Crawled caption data
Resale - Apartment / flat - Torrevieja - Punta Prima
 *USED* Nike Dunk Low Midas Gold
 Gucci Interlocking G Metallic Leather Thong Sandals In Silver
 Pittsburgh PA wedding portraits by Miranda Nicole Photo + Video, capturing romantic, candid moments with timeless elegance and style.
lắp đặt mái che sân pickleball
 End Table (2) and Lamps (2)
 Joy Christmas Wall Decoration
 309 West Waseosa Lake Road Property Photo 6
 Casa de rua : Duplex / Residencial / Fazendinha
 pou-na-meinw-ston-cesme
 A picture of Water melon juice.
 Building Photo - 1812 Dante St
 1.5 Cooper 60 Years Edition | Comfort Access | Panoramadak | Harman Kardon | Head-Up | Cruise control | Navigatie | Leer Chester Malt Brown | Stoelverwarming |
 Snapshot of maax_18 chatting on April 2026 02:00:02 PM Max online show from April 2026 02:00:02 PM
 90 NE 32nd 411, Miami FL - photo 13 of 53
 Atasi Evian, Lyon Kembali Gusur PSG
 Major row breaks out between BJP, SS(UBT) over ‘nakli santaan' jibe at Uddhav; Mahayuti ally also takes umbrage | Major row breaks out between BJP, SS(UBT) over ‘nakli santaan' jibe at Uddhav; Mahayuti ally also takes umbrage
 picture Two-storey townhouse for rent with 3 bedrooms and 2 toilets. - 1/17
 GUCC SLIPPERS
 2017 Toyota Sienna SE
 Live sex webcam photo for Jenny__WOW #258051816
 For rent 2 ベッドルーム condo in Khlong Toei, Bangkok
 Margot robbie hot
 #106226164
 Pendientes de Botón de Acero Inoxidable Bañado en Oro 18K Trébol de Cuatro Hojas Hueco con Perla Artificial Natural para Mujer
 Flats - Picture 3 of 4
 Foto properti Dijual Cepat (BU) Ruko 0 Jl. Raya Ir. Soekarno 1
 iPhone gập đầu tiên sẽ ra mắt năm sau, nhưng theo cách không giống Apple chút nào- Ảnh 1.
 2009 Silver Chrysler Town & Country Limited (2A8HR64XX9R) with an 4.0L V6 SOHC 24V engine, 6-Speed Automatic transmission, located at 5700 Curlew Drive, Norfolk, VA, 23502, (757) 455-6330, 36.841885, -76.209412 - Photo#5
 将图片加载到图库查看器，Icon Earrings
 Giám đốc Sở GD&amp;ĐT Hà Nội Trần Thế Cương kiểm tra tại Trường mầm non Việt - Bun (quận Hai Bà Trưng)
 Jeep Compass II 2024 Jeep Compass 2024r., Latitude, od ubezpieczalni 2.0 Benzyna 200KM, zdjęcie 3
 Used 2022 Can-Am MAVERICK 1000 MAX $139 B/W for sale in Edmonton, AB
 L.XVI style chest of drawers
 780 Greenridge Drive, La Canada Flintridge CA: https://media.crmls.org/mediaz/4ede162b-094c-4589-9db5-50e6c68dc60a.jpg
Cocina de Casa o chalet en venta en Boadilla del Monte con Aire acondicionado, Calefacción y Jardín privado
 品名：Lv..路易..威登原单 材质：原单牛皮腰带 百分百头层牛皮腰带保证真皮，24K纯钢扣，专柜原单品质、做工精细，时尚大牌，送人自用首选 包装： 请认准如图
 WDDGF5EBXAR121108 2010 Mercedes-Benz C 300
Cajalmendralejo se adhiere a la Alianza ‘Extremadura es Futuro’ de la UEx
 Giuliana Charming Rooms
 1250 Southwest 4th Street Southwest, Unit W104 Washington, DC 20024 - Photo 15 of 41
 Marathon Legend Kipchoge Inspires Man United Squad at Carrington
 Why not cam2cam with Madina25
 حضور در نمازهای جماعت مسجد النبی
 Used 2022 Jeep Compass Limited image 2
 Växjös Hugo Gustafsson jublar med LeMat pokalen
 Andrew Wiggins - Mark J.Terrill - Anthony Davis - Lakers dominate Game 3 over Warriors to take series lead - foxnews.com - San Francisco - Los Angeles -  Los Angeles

- [Aim of the task]:
Given the records above, restate word for word only the lines starting at the one with "2009 Silver Chrysler" and ending at the one with "780 Greenridge Drive, La".

- [Written response]:
 2009 Silver Chrysler Town & Country Limited (2A8HR64XX9R) with an 4.0L V6 SOHC 24V engine, 6-Speed Automatic transmission, located at 5700 Curlew Drive, Norfolk, VA, 23502, (757) 455-6330, 36.841885, -76.209412 - Photo#5
 将图片加载到图库查看器，Icon Earrings
 Giám đốc Sở GD&amp;ĐT Hà Nội Trần Thế Cương kiểm tra tại Trường mầm non Việt - Bun (quận Hai Bà Trưng)
 Jeep Compass II 2024 Jeep Compass 2024r., Latitude, od ubezpieczalni 2.0 Benzyna 200KM, zdjęcie 3
 Used 2022 Can-Am MAVERICK 1000 MAX $139 B/W for sale in Edmonton, AB
 L.XVI style chest of drawers
 780 Greenridge Drive, La Canada Flintridge CA: https://media.crmls.org/mediaz/4ede162b-094c-4589-9db5-50e6c68dc60a.jpg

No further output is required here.